• _SOURCE MATERIAL_:
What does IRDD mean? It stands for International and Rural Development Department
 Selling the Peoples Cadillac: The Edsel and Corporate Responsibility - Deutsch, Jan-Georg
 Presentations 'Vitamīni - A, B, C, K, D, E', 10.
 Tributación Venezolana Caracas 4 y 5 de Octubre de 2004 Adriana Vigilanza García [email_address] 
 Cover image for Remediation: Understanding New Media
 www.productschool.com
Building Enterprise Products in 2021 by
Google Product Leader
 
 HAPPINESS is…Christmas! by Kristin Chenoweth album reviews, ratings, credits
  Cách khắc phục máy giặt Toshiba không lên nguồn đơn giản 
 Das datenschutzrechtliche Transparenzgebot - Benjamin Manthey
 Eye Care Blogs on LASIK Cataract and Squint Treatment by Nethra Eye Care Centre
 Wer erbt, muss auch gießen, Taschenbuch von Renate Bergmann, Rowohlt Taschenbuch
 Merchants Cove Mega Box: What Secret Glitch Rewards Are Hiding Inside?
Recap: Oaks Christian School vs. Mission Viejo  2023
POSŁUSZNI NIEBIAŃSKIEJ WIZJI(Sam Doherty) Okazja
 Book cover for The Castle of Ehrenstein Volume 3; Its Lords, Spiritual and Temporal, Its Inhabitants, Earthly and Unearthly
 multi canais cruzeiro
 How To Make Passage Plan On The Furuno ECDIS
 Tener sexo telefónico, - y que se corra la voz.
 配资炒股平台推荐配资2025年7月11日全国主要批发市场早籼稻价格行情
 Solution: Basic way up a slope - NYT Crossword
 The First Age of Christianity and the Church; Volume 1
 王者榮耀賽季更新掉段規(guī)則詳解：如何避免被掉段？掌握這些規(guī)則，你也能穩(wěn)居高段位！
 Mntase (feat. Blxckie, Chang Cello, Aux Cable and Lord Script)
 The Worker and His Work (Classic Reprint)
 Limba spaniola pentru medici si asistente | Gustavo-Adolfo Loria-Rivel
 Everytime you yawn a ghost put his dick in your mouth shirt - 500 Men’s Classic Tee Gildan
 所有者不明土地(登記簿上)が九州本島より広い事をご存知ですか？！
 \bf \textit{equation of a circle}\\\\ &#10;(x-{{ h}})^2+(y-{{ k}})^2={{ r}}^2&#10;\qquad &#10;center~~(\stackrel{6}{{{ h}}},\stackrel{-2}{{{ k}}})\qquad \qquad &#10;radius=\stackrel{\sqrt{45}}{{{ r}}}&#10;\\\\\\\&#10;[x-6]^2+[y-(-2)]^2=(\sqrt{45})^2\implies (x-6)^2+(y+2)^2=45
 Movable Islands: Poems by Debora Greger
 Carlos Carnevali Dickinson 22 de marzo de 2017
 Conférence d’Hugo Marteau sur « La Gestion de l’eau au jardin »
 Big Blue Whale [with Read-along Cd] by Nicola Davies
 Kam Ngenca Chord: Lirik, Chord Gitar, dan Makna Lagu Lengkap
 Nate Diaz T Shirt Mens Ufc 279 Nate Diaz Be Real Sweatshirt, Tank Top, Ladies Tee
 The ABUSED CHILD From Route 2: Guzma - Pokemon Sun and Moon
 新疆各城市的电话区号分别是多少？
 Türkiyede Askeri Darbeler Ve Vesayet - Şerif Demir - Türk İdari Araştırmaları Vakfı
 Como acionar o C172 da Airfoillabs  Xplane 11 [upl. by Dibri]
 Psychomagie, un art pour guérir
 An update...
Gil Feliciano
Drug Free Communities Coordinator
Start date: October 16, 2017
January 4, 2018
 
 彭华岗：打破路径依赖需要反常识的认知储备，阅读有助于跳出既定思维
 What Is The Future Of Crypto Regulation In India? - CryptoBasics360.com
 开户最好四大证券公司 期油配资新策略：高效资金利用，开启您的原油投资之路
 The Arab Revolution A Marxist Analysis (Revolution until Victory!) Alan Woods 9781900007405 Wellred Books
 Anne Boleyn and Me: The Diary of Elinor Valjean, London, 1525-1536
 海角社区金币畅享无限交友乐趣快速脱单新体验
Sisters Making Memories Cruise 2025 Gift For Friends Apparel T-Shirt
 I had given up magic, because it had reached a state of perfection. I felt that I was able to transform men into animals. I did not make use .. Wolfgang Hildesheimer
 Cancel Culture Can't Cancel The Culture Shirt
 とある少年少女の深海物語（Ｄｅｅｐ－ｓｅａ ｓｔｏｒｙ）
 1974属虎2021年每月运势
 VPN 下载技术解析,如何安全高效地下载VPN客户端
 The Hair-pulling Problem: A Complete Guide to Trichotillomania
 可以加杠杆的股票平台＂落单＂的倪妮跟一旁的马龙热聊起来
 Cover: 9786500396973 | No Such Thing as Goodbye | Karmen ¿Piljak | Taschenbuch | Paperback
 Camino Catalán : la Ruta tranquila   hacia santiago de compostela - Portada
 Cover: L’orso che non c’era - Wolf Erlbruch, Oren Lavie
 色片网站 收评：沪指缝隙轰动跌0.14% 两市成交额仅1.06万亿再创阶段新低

• _EXERCISE DETAILS_: Repeat the records verbatim, every one of them.

• _RESULT FOR THIS TASK_:
What does IRDD mean? It stands for International and Rural Development Department
 Selling the Peoples Cadillac: The Edsel and Corporate Responsibility - Deutsch, Jan-Georg
 Presentations 'Vitamīni - A, B, C, K, D, E', 10.
 Tributación Venezolana Caracas 4 y 5 de Octubre de 2004 Adriana Vigilanza García [email_address] 
 Cover image for Remediation: Understanding New Media
 www.productschool.com
Building Enterprise Products in 2021 by
Google Product Leader
 
 HAPPINESS is…Christmas! by Kristin Chenoweth album reviews, ratings, credits
  Cách khắc phục máy giặt Toshiba không lên nguồn đơn giản 
 Das datenschutzrechtliche Transparenzgebot - Benjamin Manthey
 Eye Care Blogs on LASIK Cataract and Squint Treatment by Nethra Eye Care Centre
 Wer erbt, muss auch gießen, Taschenbuch von Renate Bergmann, Rowohlt Taschenbuch
 Merchants Cove Mega Box: What Secret Glitch Rewards Are Hiding Inside?
Recap: Oaks Christian School vs. Mission Viejo  2023
POSŁUSZNI NIEBIAŃSKIEJ WIZJI(Sam Doherty) Okazja
 Book cover for The Castle of Ehrenstein Volume 3; Its Lords, Spiritual and Temporal, Its Inhabitants, Earthly and Unearthly
 multi canais cruzeiro
 How To Make Passage Plan On The Furuno ECDIS
 Tener sexo telefónico, - y que se corra la voz.
 配资炒股平台推荐配资2025年7月11日全国主要批发市场早籼稻价格行情
 Solution: Basic way up a slope - NYT Crossword
 The First Age of Christianity and the Church; Volume 1
 王者榮耀賽季更新掉段規(guī)則詳解：如何避免被掉段？掌握這些規(guī)則，你也能穩(wěn)居高段位！
 Mntase (feat. Blxckie, Chang Cello, Aux Cable and Lord Script)
 The Worker and His Work (Classic Reprint)
 Limba spaniola pentru medici si asistente | Gustavo-Adolfo Loria-Rivel
 Everytime you yawn a ghost put his dick in your mouth shirt - 500 Men’s Classic Tee Gildan
 所有者不明土地(登記簿上)が九州本島より広い事をご存知ですか？！
 \bf \textit{equation of a circle}\\\\ &#10;(x-{{ h}})^2+(y-{{ k}})^2={{ r}}^2&#10;\qquad &#10;center~~(\stackrel{6}{{{ h}}},\stackrel{-2}{{{ k}}})\qquad \qquad &#10;radius=\stackrel{\sqrt{45}}{{{ r}}}&#10;\\\\\\\&#10;[x-6]^2+[y-(-2)]^2=(\sqrt{45})^2\implies (x-6)^2+(y+2)^2=45
 Movable Islands: Poems by Debora Greger
 Carlos Carnevali Dickinson 22 de marzo de 2017
 Conférence d’Hugo Marteau sur « La Gestion de l’eau au jardin »
 Big Blue Whale [with Read-along Cd] by Nicola Davies
 Kam Ngenca Chord: Lirik, Chord Gitar, dan Makna Lagu Lengkap
 Nate Diaz T Shirt Mens Ufc 279 Nate Diaz Be Real Sweatshirt, Tank Top, Ladies Tee
 The ABUSED CHILD From Route 2: Guzma - Pokemon Sun and Moon
 新疆各城市的电话区号分别是多少？
 Türkiyede Askeri Darbeler Ve Vesayet - Şerif Demir - Türk İdari Araştırmaları Vakfı
 Como acionar o C172 da Airfoillabs  Xplane 11 [upl. by Dibri]
 Psychomagie, un art pour guérir
 An update...
Gil Feliciano
Drug Free Communities Coordinator
Start date: October 16, 2017
January 4, 2018
 
 彭华岗：打破路径依赖需要反常识的认知储备，阅读有助于跳出既定思维
 What Is The Future Of Crypto Regulation In India? - CryptoBasics360.com
 开户最好四大证券公司 期油配资新策略：高效资金利用，开启您的原油投资之路
 The Arab Revolution A Marxist Analysis (Revolution until Victory!) Alan Woods 9781900007405 Wellred Books
 Anne Boleyn and Me: The Diary of Elinor Valjean, London, 1525-1536
 海角社区金币畅享无限交友乐趣快速脱单新体验
Sisters Making Memories Cruise 2025 Gift For Friends Apparel T-Shirt
 I had given up magic, because it had reached a state of perfection. I felt that I was able to transform men into animals. I did not make use .. Wolfgang Hildesheimer
 Cancel Culture Can't Cancel The Culture Shirt
 とある少年少女の深海物語（Ｄｅｅｐ－ｓｅａ ｓｔｏｒｙ）
 1974属虎2021年每月运势
 VPN 下载技术解析,如何安全高效地下载VPN客户端
 The Hair-pulling Problem: A Complete Guide to Trichotillomania
 可以加杠杆的股票平台＂落单＂的倪妮跟一旁的马龙热聊起来
 Cover: 9786500396973 | No Such Thing as Goodbye | Karmen ¿Piljak | Taschenbuch | Paperback
 Camino Catalán : la Ruta tranquila   hacia santiago de compostela - Portada
 Cover: L’orso che non c’era - Wolf Erlbruch, Oren Lavie
 色片网站 收评：沪指缝隙轰动跌0.14% 两市成交额仅1.06万亿再创阶段新低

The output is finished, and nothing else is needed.